**Exercise:**
Throughout the material below, tally the lines containing "bedroom" and give the total with no accompanying text.

**Data section:**
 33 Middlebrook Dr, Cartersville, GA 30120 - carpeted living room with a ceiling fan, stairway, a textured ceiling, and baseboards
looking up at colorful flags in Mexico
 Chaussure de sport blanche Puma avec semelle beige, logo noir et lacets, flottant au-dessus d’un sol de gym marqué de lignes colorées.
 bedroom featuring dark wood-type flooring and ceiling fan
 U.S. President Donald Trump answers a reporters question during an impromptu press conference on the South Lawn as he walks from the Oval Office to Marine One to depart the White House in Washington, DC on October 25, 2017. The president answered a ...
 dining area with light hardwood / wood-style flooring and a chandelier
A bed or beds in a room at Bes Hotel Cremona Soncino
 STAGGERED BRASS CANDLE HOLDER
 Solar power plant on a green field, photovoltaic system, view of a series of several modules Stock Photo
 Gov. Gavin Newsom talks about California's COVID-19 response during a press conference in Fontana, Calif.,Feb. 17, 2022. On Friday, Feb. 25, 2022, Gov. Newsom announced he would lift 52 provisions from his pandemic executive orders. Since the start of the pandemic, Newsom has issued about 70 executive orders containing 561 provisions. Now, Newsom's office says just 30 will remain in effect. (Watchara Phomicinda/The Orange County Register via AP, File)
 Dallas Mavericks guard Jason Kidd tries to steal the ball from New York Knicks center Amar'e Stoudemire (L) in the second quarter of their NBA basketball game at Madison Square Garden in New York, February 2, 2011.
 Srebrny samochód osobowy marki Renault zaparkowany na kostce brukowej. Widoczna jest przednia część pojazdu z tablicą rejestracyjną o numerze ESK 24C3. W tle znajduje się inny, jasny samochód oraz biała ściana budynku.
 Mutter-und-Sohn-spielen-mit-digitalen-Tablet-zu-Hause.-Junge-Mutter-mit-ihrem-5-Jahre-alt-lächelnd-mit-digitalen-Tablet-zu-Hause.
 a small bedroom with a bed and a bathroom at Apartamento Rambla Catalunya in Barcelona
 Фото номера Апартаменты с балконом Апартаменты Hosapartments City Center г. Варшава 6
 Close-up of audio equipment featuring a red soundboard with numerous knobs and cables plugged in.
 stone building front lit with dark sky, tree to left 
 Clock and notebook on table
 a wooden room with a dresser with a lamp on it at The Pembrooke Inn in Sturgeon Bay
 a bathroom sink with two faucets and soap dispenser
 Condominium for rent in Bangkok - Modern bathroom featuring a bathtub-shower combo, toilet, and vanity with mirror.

**Task output:**
2